There is a launch control mode to the seven-speed, dual-clutch transmission. And there are three suspension/transmission/engine modes (normal, sport and track) allowing you to quickly change the car’s demeanor from screwed to the road, pure track menace, to nearly reasonable groceries-fetcher. The front trunk is large enough for a case of champagne and, naturally, a few petite jars of caviar.

When you toggle the transmission into Track mode two important things will happen. ProActive Chassis Control (PCC) will engage, which allows the flow of hydraulic fluid to the shocks at all four corners of the car. The advantage of which is that when you load the suspension in a corner it can actively resist the force. Likewise, when you do hit that Launch Control switch, the system can counter the tendency of the 641hp V-8 from sending too much weight rearward. Best of all, PCC doesn’t have to make the ride stiff during straight-line, low-speed driving, so unlike stabilizer bars that are by default, rigid, the 650S is firm, but not harsh riding—until it needs to be.

For example, when you engage Launch and feel 124mph arrive in a remarkable 8.6 seconds the car is enabling shifting as fast as the V-8 reaches toward redline, and it even overlaps the two clutches in what McLaren calls “inertia push,” which saves up the torque driven through the prior gear and passes it along to the next, giving the gearbox a near seamless clean-ness to gear changes. Indeed the only dual-clutch we’ve experienced that’s this easy to operate (and as free of undue shift shock) is Porsche’s PDK.

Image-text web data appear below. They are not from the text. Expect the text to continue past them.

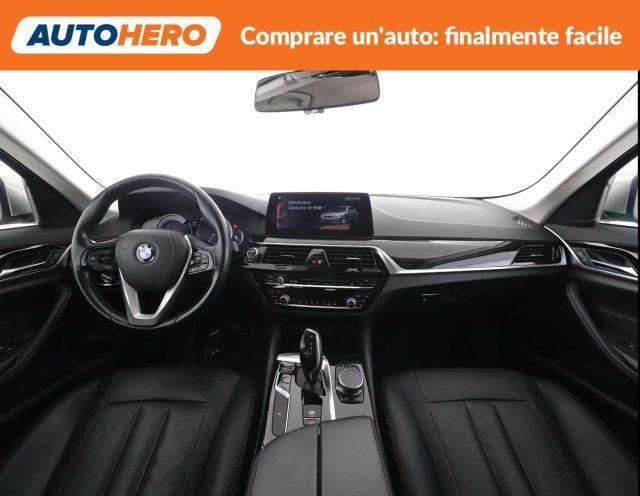 BMW 520 d Luxury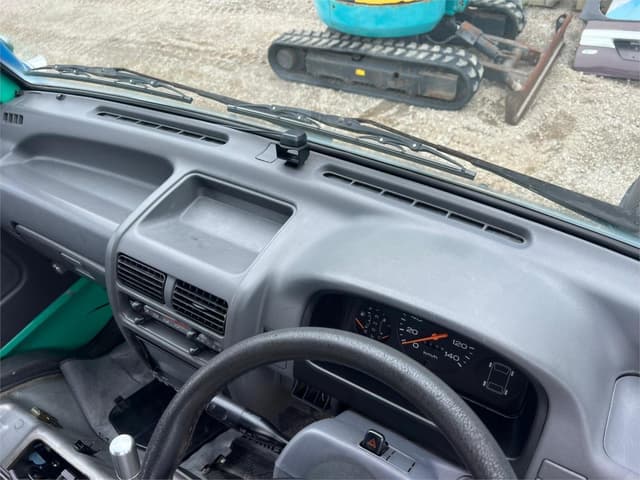 1995 Subaru Sambar JDM car for sale — photo 7 of 22
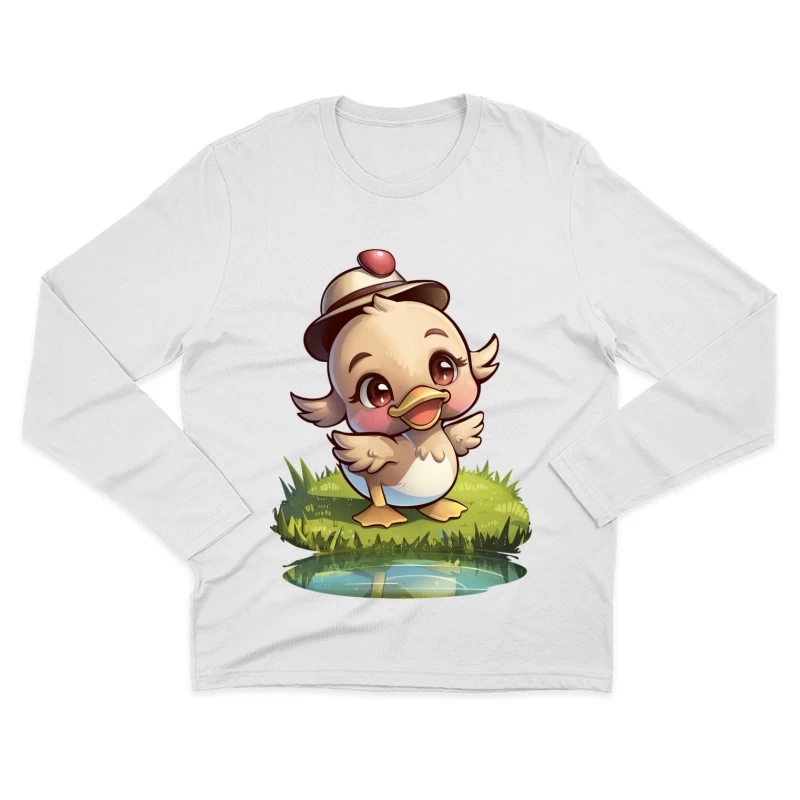  Homme Manches Longues T-Shirt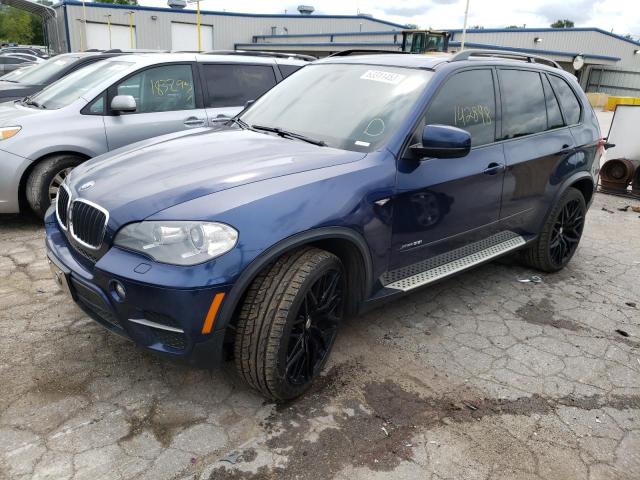 VIN 5UXZV4C52D0B12314 2013 BMW X5, Xdrive35I no.1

All this speed and precision is pure joy, but here’s the brilliance: the 650S Spider is also a breeze to drive hard. At one point, with the traction nannies turned off, I bent the car around hard, pushing and poking at the limits. The steering, probably as connected a rack as exists on any car on earth today, wired tire adhesion information directly to my hands and brain. All I had to do was steer, brake, add inputs to the throttle and howl with happy expletives.

Put the car in Sport mode and rat-tat through some upshifts and anyone following the car will hear “cylinder cut” technology on display. That is, you get a tiny bit of exhaust flare (read: explosions) on upshifts. The spark is cut for a nanosecond and then reignited, causing a fantastically exciting “pop” to the exhaust that’s more American muscle car than Euro supercar.

Stuffy Brits? Hardly. Maybe that’s why the navigation system doesn’t speak polite Queen’s mother tongue. This beast is anything but, and the world is a better place for it.